Olympus has an odd way of naming their models. Marketing wise, they want to draw on their film camera history for nostalgia and owner fervour. Olympus made several film models that were legendary. The Olympus PEN-F half frame SLR and the Olympus OM 1, 2 and 4 family. When they made their digital cameras, they decided to leverage off the nostalgia associated with those names and came up with the family names PEN Digital and OM-Digital (OM-D). THERE IS NO NEED to call your camera OM-D E-M5, you can save time and effort in typing as well as comprehending by just typing E-M5. There are now follow up models e.g.
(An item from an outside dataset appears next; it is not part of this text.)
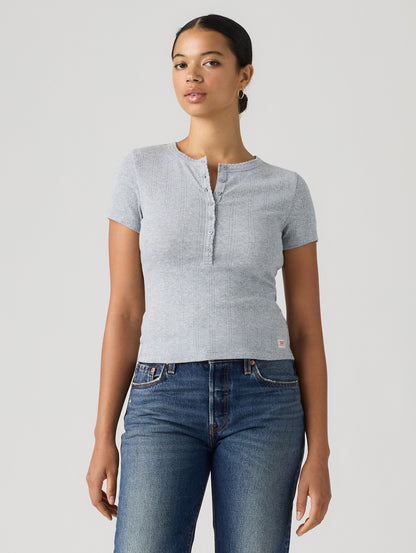 DRY GOODS POINTELLE SS HENLEY SILVER HEATHER GRAY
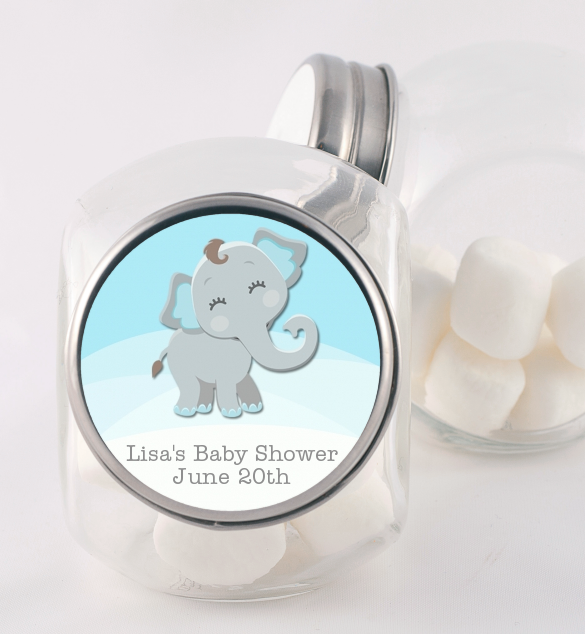  Baby Elephant - Personalized Baby Shower Candy Jar Option 1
E-M5 Mark 2 (the original is named E-M5 Mark 1 or simply E-M5) so be careful to mention whether your model is a Mark 1 or Mark 2. The worst thing you can do for comprehension is to call your camera OM-D E-5 or E-5. Because there is actually an old digital camera named E-System E-5.

What led to Micro Four Thirds cameras and where they're going

The initial Olympus digital interchangeable lens cameras were DSLRs. They were called Four Thirds DSLRS. After that failed to be sustainable, Olympus made Micro Four Thirds mirrorless cameras. By the way the "Micro" in MFT refers to the smaller lens mount - the sensor in Micro Four Thirds is the same as Four Thirds. (For more information see Olympus Cameras - Before and Now

Which lens fits which body?

    • All Micro Four Thirds (MFT) lenses fit MFT bodies. That means Pansonic MFT lenses will fit and work with Olympus MFT bodies. And vice versa.

    • Four Thirds lenses can fit MFT bodies if you use electronically coupled adapters. The Olympus adapters are MMF-1, 2 and 3. The MMF-3 has seals that make it weather resistant. However, only the E-M1 sub family - the Mark 1 and the Mark 2 will autofocus at a reasonable speed with FT lenses. The other Panasonic and Olympus MFT bodies will ultimately autofocus a FT lens but it could take one or more seconds.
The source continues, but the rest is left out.